Create an alert template

  1. Log on to the Realtime Compute for Apache Flink console.
  2. On the Fully Managed Flink tab, click Development Console in the Actions column of the desired workspace.
  3. In the left-side navigation pane, click Alarm Templates.
  4. Click Add Alarm Template.
  5. Enter information about the rule.
    Alert templates
    Category Parameter Description
    Rule Name The name must be 3 to 64 characters in length and can contain lowercase letters, digits, and underscores (_). It must start with a letter.
    Description The remarks of the rule.
    Content Configure the content of the condition that triggers an alert. After the condition is configured, the system compares the value of the specified metric with the threshold at a specified interval. If the result meets the condition, the alert is automatically generated.
    In the condition:
    • Metric: Two types of metrics are supported.
      • Restart Count in 1 Minute: the number of times that Job Manager is restarted in 1 minute
      • Checkpoint Count in 5 Minutes: the number of times that the checkpoint succeeds in 5 minutes
    • Time interval N: A check is performed once every N minutes. The time interval must be equal to or less than 60 min. Unit: min.
    • Comparator: The >= and <= comparators are supported.
    • Threshold: The value that is used to compare with the metric.
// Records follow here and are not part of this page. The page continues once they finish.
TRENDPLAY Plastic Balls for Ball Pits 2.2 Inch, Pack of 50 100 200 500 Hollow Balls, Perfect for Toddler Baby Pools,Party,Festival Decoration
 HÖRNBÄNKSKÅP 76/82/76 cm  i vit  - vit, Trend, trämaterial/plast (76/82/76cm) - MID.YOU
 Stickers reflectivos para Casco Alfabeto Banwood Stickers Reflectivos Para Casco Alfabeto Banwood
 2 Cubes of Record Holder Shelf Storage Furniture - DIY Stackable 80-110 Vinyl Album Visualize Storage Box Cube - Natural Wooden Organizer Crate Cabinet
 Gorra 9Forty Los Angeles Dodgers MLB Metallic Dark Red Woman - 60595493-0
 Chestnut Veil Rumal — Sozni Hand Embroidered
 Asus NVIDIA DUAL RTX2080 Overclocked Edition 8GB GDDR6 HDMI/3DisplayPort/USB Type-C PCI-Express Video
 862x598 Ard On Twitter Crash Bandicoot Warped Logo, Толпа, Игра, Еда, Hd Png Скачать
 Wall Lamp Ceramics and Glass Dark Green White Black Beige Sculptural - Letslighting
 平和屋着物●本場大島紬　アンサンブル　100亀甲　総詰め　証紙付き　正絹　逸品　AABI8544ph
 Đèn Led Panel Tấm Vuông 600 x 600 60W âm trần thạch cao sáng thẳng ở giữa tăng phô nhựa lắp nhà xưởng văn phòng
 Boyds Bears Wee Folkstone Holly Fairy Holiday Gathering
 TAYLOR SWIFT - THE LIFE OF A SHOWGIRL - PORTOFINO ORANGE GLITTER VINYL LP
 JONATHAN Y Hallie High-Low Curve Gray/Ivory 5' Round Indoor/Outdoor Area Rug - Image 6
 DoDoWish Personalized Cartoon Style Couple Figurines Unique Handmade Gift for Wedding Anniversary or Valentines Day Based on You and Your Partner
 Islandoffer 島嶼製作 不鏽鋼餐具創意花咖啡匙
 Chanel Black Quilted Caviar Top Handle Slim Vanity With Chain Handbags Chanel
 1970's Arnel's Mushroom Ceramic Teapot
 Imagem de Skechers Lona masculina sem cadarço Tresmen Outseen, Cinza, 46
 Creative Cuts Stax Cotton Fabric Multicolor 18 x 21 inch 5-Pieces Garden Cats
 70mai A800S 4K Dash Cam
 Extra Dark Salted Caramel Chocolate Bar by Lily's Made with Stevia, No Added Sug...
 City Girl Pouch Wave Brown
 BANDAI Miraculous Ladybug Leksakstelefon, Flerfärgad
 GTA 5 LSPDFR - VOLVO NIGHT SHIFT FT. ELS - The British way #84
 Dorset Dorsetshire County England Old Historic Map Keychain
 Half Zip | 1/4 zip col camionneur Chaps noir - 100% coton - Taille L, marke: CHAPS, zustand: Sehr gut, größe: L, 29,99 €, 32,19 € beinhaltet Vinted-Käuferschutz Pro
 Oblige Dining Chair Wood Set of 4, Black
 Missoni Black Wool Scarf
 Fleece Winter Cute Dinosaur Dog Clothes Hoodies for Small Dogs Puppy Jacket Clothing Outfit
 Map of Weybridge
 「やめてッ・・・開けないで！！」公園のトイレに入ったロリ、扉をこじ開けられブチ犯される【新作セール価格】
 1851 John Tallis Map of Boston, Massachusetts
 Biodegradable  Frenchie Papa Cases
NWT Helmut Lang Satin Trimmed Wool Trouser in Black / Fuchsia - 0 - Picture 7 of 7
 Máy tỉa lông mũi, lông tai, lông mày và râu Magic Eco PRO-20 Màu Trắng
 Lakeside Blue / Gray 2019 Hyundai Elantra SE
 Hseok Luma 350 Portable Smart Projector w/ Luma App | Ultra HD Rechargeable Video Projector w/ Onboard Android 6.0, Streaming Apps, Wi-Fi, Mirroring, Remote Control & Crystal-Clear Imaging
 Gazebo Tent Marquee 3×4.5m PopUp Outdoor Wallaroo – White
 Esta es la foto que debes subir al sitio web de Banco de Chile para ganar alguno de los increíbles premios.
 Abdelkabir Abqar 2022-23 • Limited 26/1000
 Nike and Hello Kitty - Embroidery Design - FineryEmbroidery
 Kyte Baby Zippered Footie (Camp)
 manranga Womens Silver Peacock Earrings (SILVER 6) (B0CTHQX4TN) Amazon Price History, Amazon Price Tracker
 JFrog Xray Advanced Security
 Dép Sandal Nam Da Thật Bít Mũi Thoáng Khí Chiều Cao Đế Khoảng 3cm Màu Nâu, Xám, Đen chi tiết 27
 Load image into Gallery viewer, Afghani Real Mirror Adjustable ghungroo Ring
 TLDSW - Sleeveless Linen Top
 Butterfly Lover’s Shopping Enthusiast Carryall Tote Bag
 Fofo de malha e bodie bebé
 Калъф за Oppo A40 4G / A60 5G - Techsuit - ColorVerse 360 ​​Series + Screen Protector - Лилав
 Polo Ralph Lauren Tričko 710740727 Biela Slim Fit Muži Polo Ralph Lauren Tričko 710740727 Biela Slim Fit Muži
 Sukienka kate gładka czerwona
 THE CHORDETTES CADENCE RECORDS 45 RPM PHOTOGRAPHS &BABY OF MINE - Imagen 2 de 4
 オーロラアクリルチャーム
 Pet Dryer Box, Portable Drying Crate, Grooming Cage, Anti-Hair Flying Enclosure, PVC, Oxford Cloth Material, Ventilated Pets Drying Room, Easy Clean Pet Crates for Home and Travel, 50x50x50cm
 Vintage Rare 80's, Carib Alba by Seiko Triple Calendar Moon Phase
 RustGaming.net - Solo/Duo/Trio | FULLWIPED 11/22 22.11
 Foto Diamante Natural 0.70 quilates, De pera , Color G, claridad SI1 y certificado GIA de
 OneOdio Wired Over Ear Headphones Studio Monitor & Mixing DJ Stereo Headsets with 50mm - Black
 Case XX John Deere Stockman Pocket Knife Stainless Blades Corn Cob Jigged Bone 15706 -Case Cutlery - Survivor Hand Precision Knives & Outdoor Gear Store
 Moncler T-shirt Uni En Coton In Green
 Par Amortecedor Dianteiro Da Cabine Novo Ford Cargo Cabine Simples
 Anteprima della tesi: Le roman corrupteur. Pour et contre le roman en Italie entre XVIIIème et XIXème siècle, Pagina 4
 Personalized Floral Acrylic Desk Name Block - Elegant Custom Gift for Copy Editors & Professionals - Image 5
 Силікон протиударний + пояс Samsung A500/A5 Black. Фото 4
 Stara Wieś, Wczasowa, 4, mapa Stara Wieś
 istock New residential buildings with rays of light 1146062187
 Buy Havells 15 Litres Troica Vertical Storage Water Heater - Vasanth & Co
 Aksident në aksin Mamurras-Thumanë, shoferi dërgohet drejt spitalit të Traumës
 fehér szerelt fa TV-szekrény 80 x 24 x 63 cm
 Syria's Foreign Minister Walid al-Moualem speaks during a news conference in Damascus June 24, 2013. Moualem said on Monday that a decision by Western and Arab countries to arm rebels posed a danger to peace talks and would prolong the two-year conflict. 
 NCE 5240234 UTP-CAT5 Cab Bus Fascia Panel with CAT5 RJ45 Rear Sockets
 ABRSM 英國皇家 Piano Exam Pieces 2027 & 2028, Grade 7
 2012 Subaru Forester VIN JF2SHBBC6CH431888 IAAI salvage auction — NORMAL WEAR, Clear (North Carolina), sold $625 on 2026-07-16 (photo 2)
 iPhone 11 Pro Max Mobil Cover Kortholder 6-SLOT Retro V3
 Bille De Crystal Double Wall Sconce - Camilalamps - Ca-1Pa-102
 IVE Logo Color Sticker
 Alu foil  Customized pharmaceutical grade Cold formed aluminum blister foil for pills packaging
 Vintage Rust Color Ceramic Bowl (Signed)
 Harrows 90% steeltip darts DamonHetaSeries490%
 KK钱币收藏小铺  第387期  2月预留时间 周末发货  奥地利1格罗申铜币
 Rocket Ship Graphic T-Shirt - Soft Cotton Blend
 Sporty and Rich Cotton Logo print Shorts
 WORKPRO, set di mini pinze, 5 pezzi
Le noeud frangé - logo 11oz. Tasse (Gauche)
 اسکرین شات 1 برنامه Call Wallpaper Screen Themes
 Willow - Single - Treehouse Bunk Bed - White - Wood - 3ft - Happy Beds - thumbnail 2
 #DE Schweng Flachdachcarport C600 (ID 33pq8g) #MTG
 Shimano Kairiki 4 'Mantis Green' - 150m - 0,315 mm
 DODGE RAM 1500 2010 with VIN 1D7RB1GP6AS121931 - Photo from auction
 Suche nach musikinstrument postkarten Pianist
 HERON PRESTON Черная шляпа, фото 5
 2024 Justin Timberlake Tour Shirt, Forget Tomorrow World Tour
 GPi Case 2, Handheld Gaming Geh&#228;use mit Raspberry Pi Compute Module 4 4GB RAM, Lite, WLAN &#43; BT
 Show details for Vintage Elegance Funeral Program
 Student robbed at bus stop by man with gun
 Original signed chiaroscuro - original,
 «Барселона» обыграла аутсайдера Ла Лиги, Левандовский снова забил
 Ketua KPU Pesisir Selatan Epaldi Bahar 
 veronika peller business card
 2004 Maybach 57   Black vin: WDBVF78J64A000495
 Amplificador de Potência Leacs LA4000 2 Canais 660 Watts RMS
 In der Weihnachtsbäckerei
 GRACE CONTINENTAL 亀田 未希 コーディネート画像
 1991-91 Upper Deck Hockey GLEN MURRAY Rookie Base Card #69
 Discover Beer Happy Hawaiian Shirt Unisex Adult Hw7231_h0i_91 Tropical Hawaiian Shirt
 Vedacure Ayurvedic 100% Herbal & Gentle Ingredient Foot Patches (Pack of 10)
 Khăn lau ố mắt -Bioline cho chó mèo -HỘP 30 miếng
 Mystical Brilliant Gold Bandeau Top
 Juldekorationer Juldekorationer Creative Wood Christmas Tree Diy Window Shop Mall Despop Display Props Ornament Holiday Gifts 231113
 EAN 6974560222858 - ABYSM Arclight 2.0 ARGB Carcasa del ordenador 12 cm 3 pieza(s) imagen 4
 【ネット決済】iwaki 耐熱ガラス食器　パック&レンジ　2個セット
    Effective Time The time when alert monitoring takes effect. You can specify that alert monitoring takes effect during the day (from 09:00 to 18:00). By default, alert monitoring takes effect throughout the day.
    Alarm Rate Valid values: 1 Min and 1 Day. This indicates that an alert is sent once per minute or per day.
    Notification Notify Way The following three notification delivery methods are supported:
    • DingDing
    • Email
    • SMS
    Note You can configure the phone number, mailbox, and DingTalk information of a contact in contacts.
    Contact Group The contacts or contact groups that can be notified. You can click the buttons below this field to edit contacts and contact groups.
  6. Click Save.
    The saved alert rule appears in the alert template list. You can edit or delete the alert rule.